Here’s a typical entry for a root, taken from the modern Arabic Hans Wehr dictionary. The root is kh-l-f and the dictionary gives the following range of conceptual meaning for it: to be the successor, to succeed, to follow, to come after, to take the place of someone, to substitute for, to replace, to lag behind, to stay behind, to be detained, to be held back, to be kept away, to stay away. You can see from the list a line of conceptual thought running through the definitions given. That range of concept is the foundational meaning of the root.

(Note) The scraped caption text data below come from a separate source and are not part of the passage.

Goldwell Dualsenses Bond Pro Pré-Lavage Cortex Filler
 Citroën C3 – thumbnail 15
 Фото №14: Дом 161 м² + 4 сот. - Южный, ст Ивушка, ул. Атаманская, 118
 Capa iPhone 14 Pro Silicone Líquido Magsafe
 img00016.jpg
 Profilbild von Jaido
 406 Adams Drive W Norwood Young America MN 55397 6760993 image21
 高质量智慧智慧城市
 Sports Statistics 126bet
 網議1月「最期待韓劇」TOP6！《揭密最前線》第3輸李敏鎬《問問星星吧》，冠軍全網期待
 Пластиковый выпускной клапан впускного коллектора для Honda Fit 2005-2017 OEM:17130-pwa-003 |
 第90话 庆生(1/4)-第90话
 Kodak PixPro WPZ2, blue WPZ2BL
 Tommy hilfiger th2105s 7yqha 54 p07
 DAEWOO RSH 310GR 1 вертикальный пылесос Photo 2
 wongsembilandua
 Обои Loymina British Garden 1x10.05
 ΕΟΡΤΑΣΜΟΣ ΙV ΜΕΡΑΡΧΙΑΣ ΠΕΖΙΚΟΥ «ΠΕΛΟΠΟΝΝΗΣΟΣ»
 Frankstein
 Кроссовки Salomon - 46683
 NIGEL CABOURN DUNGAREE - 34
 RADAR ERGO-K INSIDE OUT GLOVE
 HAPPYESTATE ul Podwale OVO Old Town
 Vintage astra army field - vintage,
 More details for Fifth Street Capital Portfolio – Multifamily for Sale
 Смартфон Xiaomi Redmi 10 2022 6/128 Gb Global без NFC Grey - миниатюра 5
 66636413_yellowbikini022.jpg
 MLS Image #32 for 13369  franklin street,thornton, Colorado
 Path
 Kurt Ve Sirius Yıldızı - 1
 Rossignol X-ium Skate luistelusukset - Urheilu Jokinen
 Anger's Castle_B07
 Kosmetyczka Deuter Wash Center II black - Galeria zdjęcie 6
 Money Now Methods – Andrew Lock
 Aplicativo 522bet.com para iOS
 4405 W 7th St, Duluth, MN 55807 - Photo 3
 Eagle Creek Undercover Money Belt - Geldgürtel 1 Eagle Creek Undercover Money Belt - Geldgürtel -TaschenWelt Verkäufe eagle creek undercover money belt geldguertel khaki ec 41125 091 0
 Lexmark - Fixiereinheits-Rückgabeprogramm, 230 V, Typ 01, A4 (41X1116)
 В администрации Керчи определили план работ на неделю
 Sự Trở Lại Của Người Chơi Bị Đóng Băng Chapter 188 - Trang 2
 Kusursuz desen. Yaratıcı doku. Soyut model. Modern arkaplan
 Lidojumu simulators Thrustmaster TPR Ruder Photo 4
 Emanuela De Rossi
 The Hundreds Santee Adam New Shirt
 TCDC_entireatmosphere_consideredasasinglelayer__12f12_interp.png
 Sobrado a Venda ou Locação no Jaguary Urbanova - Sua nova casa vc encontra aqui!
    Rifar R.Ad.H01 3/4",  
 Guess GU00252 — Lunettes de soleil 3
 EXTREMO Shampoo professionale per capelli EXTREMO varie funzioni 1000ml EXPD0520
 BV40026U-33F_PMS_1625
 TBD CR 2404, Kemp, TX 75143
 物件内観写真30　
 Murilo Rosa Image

From there, particular words appropriate to particular situations are created. For example, is it a man or a woman doing the succeeding? Are they doing it now or did they do it in the past? Are they doing it with someone else or on their own? Are they making someone else to do it? Is someone else doing it to them? Are they asking someone else to do it? All of these possibilities are represented in the Arabic using vowelling and by adding prefixes and suffixes to the root. In other words, the root consonants are filled in with vowels, so that the root becomes a word you can say; for example, khalafa, which means “he succeeded”, “he followed” etc.
Consequently, creating meaning in Arabic is very different to English. An Arabic word is based on a root with a foundational conceptual meaning, which is then particularised using different forms of the root created using vowelling and add-ons. With respect to verbs, there are 10 common forms, each indicating a particular way that the action is being done; for example, form I is the foundational concept; form IV signifies someone causing the action to happen; and form X can signify that a person is causing the action to be done through themselves, or that they seek to do the action.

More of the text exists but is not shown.